For the E3SMv2 SSP370 compset, the aerosol input files were created and provided by @Hailong Wang.  However, Xingying Huang and @Jim Benedict independently reproduced as much as the aerosol input fields as possible (some inputs are simulation-derived and could not easily be reproduced) to learn and validate the process.  Instructions that identify required aerosol files and a template script to process them were provided by Hailong:

E3SM_aerosol_emissions.pdf: Instruction manual provided by @Hailong Wang that identifies input4mips raw data files needed to create E3SM aerosol emissions input files.
Create_emission_f19_MAM4_HIST_ORIG.m: Original MATLAB script provided by @Hailong Wang that processes historical input4mips emissions files only.

A modified version of Create_emission_f19_MAM4_HIST_ORIG.m specific to SSP370 is Create_emission_f19_MAM4_SSP370.m:

The general process is outlined below, with supplemental details:

  1. Download required input4mips aerosol data files.  The list of required files is included in Hailong's instruction manual.  An example download session is:

    1. Go to:  https://esgf-node.llnl.gov/search/input4mips/

    2. Enter in search box:  OC-em-anthro-openburning AND ScenarioMIP AND ssp370

    3. Results show four data sets ("data sets" are collections of files).  Click on "List files" to see which files are contained in each data set.

    4. For this search, I found file OC-em-anthro_input4MIPs_emissions_ScenarioMIP_IAMC-AIM-ssp370-1-1_gn_201501-210012.nc in the fourth data set.

    5. Click "Add to Data Cart"

    6. Once all data sets are added to cart, click on "My Data Cart" (top right)

    7. Click button for "Select All Datasets", then ABOVE this, near the top, click on "WGET script" following "Collective Services for All Selected Datasets".  DO NOT click on "WGET script" for each individual dataset.

    8. Save the wget script locally, scp it to the preferred supercomputing facility.

    9. Run wget script.

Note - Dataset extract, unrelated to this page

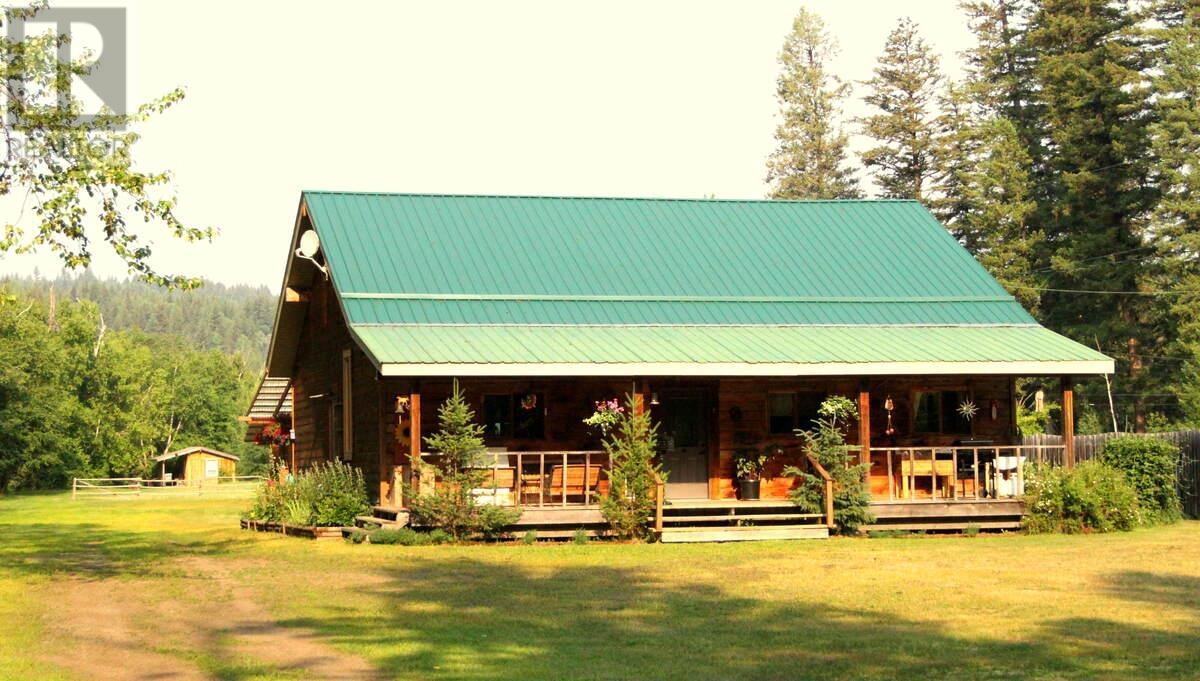 3222 Beaver Valley Road, Williams Lake, British Columbia  V0L 1G0 - Photo 2 - R2880282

An example for NERSC-Cori:

      cd /path/to/wget_script_directory wget-20210517125351.sh -s

       

  2. The downloaded input4mips files were interpolated to CESM's fv19 (nominal 1.9°x2.5° finite volume) grid, although this is not a strict requirement.  Remapping to a coarser grid expedites processing, and the fv19 grid has traditionally been used.  Recall that the aerosol files are interpolated to the model grid automatically during runtime.  Hailong's instructions include steps to do the remapping using NCL, and an alternate approach using ncremap via a bash script is provided here.

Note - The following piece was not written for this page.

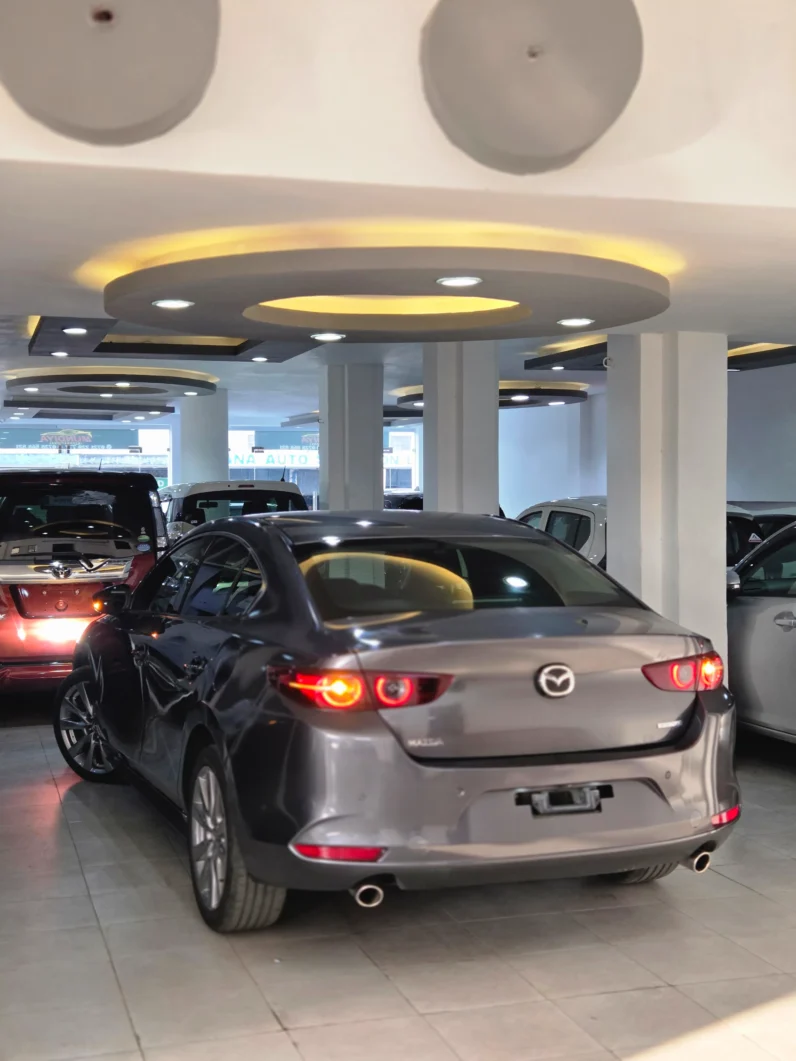
								Mazda Mazda3 2019 Petrol full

  3. A modified version of Hailong's MATLAB script (Create_emission_f19_MAM4_SSP370.m) was created to convert the remapped CMIP6 (input4mips) aerosol emissions data files to the required E3SM input file format for SSP370.  A description of what the MATLAB script does is included in Hailong's instruction manual, but essentially certain assumptions are made regarding aerosol vertical distribution and species categorization.

    1. In the script, modify inputDataRoot and outputDataRoot to point to locations where input exist and where output files should be written.

    2. Confirm that year, day, and year2 are appropriate for the desired simulation.  Note that year2 should have "buffer" years, offset by 1 year, before and after year.

    3. Hailong's original script, designed to process historical aerosol emissions files, was primarily modified by changing the instances of infile.

    4. Additional notes before running the MATLAB script:

      1. The raw input4mips emissions files represent monthly seasonal cycles for 2015, 2020, 2030, …, 2100, as represented by the year and date arrays.  Among other changes, the MATLAB script adds "buffer" years to the beginning and end of the time series by copying the 2015 seasonal cycle to "2014" and by copying the 2100 seasonal cycle to "2101", as represented by the year2 and date2 arrays.

      2. The script systematically processes the following species:  BC, BC_ELEV, POM, POM_ELEV, SO2, SO2_ELEV, SO4_a1, SO4_a1_ELEV, SO4_a2, SO4_a2_ELEV, NUM_a1 & NUM_a4 (includes num_a1_BC_*, num_a1_POM_*, num_a1_SO4_*;  some "a1" variables are actually written to "a4" file), NUM_a1_ELEV & NUM_a4_ELEV (see previous comment), NUM_a2, NUM_a2_ELEV, BIGALK, BIGENE, ISOPRENE, TERPENE, TOLUENE.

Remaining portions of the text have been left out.